My dad was in the Navy. My brother was in the Marines.

But I'm with Cindy Sheehan, who lost a son in this idiotic war. Yesterday she marched with thousands of war protesters near the Pentagon. “We’re here in the shadow of the war machine. It’s like being in the shadow of the death star. They take their death and destruction and they export it around the world. We need to shut it down.”

 
At 1:34 PM, Blogger Ben said...

Gay marriage will have to be taken care of in the courts. Courts protect the rights of the individuals that come in front of them, even if the majority doesn't want those rights protected. And I'm afraid it will be decades before a majority of the public in any state is in favor of gay marriage.

We have to keep up the fight.

 
At 1:38 PM, Blogger Ben said...

As you know, kc, I'm not a pacifist. But when I hear you talk about it, you make me wonder whether I'm wrong. I need to think hard about it. Thank you for talking about it.

 
At 3:35 PM, Blogger driftwood said...

I just read an article on how in several countries in Latin America there have been surprising gains in civil rights for gays in just the last few years.

There is, at most, an argument for those military flyovers for a 4th of July event. At least that is a national holiday that marks the origins of the country and the start of a war. But I am solidly against such displays for other events such as St. Patrick’s Day or sports events or graduations. I agree with kc that these are jingoistic productions that have nothing in common with the ideas of these other public ceremonies. Can’t we have a little more encouragement of civil society and a little less of war? And I also strongly defend the principle that obnoxious loud noises should never be inflicted on the public for the entertainment of a few.

 
At 12:54 PM, Blogger Erin said...

Yeah, I agree that flyovers at events like St. Patrick's Day parades are gratuitous and fall outside the spirit of the event. I don't quite understand the rationale of adding a totally irrelevant military flyover to an event like that.

Do you think you would find flyovers less offensive in peacetime?

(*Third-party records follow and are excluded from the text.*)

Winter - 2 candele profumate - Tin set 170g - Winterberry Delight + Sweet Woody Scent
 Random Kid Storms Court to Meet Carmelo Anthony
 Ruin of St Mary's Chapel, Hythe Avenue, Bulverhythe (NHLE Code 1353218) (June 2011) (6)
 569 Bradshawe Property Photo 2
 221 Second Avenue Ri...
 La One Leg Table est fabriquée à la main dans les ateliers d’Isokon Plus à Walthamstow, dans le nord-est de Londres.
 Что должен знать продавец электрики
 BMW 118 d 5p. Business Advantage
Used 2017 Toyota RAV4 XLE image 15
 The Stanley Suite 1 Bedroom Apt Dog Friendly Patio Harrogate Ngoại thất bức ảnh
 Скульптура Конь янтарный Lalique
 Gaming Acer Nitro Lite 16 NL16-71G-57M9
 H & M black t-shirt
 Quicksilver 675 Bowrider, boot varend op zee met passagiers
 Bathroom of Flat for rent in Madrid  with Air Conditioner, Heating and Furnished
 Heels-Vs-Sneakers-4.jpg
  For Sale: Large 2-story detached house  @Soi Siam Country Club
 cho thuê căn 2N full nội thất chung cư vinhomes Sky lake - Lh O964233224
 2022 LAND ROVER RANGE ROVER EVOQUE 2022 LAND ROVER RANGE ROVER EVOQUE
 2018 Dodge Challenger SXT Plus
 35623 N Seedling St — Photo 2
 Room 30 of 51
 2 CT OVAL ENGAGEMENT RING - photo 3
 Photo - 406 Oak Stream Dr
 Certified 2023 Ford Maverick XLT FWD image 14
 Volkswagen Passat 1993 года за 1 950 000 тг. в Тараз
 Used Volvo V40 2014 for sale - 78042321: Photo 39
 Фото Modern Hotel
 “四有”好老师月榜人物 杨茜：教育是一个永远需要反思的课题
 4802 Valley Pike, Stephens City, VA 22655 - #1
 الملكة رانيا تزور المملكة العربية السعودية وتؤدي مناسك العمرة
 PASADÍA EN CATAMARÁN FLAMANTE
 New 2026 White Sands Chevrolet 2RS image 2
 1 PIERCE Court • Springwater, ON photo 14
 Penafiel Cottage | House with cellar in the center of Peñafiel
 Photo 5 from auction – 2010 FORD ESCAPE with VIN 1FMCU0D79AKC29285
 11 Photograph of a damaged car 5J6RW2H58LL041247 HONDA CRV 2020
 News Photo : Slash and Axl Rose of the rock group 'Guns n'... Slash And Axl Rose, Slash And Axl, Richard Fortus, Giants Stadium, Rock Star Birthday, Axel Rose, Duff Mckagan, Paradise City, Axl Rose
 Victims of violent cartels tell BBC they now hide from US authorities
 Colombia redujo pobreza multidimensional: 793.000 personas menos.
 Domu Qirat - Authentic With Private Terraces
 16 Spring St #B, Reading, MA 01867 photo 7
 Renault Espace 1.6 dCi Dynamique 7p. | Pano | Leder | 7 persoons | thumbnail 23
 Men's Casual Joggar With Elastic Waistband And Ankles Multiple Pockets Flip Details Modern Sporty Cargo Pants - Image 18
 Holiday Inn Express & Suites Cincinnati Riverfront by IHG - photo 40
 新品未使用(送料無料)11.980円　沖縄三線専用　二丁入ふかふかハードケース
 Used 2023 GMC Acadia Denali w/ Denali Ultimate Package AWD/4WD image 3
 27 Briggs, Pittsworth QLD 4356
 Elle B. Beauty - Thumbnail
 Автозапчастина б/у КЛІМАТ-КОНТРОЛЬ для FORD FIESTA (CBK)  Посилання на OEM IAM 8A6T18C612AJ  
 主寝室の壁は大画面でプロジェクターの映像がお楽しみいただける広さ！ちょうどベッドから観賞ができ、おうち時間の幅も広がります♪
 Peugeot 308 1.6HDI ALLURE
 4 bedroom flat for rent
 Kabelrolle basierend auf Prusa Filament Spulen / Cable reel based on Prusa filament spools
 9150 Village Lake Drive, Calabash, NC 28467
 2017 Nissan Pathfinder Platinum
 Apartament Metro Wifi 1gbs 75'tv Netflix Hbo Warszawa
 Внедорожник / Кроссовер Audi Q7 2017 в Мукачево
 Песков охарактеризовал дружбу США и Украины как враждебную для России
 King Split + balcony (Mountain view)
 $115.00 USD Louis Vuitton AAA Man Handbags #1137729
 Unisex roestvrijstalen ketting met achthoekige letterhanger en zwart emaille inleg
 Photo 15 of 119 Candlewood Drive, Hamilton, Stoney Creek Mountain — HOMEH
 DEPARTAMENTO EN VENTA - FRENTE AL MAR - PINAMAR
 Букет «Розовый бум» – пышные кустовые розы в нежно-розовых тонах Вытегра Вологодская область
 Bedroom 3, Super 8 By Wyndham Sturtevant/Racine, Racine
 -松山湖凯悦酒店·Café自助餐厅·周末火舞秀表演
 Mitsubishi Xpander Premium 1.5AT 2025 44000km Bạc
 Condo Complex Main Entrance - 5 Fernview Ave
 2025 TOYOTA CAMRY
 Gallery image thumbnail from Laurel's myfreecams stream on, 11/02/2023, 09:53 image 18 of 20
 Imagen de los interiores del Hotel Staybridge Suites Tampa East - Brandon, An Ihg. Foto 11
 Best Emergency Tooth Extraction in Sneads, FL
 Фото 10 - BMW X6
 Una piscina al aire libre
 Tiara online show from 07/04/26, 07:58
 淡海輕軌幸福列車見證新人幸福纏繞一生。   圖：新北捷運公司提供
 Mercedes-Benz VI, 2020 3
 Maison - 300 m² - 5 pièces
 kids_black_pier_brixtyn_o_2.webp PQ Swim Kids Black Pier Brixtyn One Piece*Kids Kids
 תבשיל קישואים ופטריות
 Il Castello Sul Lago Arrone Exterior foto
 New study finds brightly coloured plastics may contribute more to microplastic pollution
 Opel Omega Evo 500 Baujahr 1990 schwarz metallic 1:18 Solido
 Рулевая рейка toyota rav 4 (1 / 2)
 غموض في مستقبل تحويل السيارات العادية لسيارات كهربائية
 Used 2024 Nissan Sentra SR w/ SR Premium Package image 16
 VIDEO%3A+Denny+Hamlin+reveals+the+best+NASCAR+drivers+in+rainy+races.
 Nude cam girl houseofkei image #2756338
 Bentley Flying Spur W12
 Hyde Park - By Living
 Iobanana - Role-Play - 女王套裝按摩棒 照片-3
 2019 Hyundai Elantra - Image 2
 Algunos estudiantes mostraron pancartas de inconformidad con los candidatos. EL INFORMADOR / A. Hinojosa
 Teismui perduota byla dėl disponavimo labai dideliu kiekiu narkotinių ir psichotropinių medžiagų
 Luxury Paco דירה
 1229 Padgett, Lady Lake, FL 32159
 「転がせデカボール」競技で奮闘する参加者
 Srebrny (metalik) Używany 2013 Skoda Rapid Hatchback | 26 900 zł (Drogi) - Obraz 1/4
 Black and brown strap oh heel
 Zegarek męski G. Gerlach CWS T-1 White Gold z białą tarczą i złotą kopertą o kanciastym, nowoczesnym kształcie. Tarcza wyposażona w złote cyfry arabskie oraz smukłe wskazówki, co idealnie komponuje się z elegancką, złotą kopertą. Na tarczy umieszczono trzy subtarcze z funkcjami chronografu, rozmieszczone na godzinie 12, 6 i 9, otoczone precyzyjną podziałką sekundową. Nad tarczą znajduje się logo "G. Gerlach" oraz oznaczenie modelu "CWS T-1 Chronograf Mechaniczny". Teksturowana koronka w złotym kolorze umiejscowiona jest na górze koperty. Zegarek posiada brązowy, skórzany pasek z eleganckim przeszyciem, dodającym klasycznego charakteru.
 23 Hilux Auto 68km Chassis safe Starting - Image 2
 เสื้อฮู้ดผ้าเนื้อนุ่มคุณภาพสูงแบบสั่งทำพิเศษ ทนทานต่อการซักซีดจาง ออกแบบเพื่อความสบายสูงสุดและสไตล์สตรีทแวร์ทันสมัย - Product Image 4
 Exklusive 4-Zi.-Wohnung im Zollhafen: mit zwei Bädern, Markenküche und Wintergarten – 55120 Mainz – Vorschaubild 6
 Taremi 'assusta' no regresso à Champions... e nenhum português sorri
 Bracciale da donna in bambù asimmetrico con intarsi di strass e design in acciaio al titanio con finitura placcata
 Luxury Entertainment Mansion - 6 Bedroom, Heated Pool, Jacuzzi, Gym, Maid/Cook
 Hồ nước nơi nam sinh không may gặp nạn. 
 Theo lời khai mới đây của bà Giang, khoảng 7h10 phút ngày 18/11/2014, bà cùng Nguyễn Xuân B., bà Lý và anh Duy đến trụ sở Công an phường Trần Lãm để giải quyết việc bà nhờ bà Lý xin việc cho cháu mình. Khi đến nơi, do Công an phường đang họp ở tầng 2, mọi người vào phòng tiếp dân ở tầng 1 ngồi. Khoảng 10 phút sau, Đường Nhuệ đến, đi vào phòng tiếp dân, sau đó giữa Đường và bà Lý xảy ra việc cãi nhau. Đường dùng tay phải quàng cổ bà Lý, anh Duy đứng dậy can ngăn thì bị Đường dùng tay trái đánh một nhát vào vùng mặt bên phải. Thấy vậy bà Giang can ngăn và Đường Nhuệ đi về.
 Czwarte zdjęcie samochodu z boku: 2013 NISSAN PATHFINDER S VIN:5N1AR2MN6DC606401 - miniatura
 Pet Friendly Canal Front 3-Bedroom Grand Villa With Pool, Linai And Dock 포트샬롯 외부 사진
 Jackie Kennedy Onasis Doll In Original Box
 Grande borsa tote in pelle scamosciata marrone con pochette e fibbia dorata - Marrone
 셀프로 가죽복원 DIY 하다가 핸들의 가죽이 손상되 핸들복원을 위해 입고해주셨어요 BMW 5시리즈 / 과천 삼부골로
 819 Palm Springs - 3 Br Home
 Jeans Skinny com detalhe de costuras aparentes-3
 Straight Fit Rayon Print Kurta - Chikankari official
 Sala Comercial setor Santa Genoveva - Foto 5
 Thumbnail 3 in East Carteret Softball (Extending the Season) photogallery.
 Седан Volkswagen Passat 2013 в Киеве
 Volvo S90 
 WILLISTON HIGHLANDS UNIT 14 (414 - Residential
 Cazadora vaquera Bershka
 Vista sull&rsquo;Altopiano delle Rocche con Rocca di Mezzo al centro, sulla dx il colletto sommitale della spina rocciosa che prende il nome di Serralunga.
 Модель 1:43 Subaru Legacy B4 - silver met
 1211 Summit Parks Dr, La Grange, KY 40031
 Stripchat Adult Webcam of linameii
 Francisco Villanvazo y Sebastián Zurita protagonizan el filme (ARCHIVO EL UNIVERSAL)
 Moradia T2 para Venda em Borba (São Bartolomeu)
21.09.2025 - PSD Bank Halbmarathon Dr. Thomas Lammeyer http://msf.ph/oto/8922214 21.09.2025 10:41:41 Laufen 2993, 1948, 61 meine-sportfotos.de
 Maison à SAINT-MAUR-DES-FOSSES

If you didn't relate them to a war you oppose?

 
At 11:30 AM, Blogger driftwood said...

No, they would still bother me. First off, they will still be as noisy. But of more importance is their role in emphasizing the military as the preeminent foreign policy tool. The Bush administration, and Americans more generally, seem to have a greatly exaggerated belief in what can be achieved with military power. The war in Iraq is the starkest example of the failure of the military to achieve the desired results, but the problem isn’t just the long string of bad choices made in conducting this war. If you look at the numerous military interventions the U.S. has had in the last sixty years, very few of them had a positive outcome. This country would be better served by a smaller military and by much more modest expectations of what it can achieve. Low altitude flyovers by billion dollar warplanes will not help correct these expectations.

 
At 3:51 PM, Blogger Ben said...

By the way, the Keillor column turned out to be a joke. He thought it would be obvious to everyone that he was satirizing homophobes.